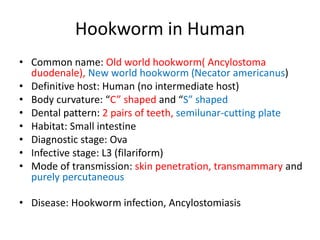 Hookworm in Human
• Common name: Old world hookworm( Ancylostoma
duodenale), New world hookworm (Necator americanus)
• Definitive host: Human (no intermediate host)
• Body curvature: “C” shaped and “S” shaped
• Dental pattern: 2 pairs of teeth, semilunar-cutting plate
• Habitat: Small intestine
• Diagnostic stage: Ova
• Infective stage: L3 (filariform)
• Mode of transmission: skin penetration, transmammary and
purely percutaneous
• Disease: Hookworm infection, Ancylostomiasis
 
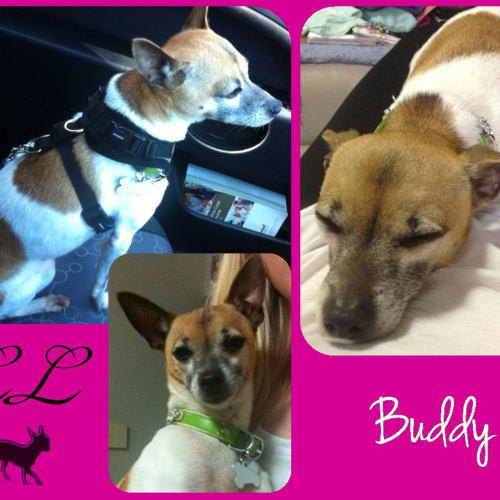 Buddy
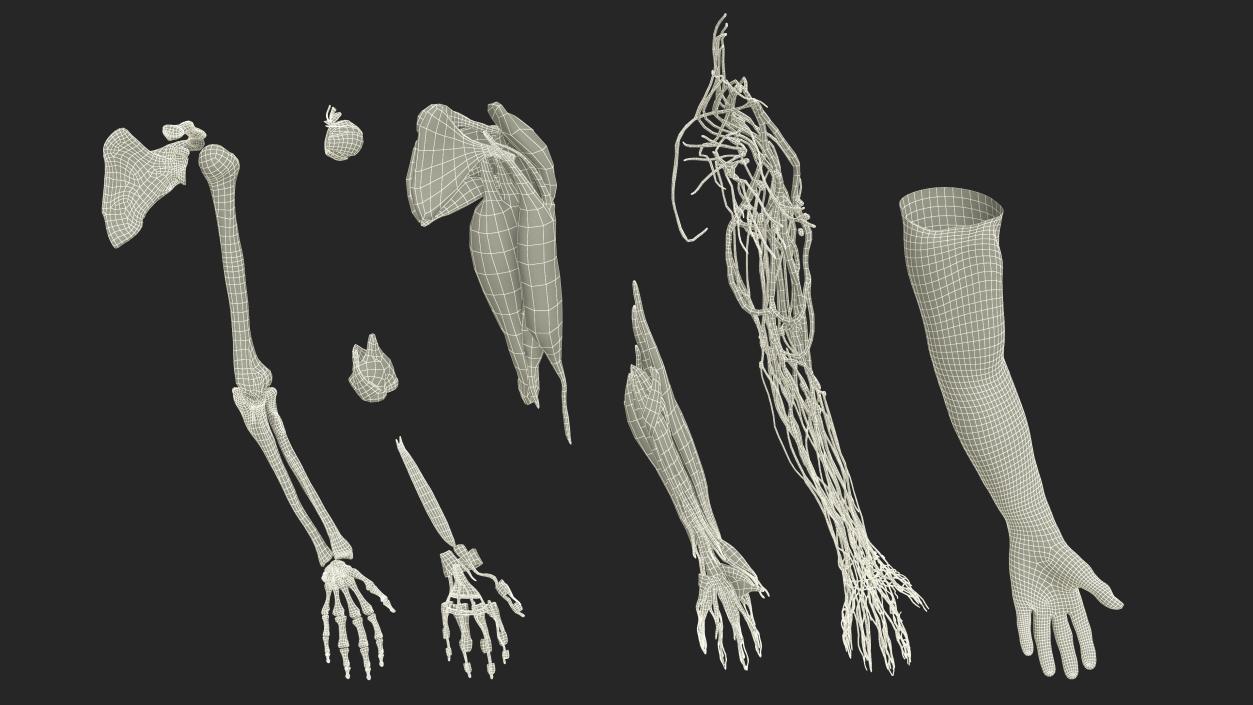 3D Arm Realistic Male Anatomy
■ ■ ■ ■ ■
> Exercise
Where does the word "stage" appear in the records? Copy every line that holds it.

> Task solution
• Diagnostic stage: Ova
• Infective stage: L3 (filariform)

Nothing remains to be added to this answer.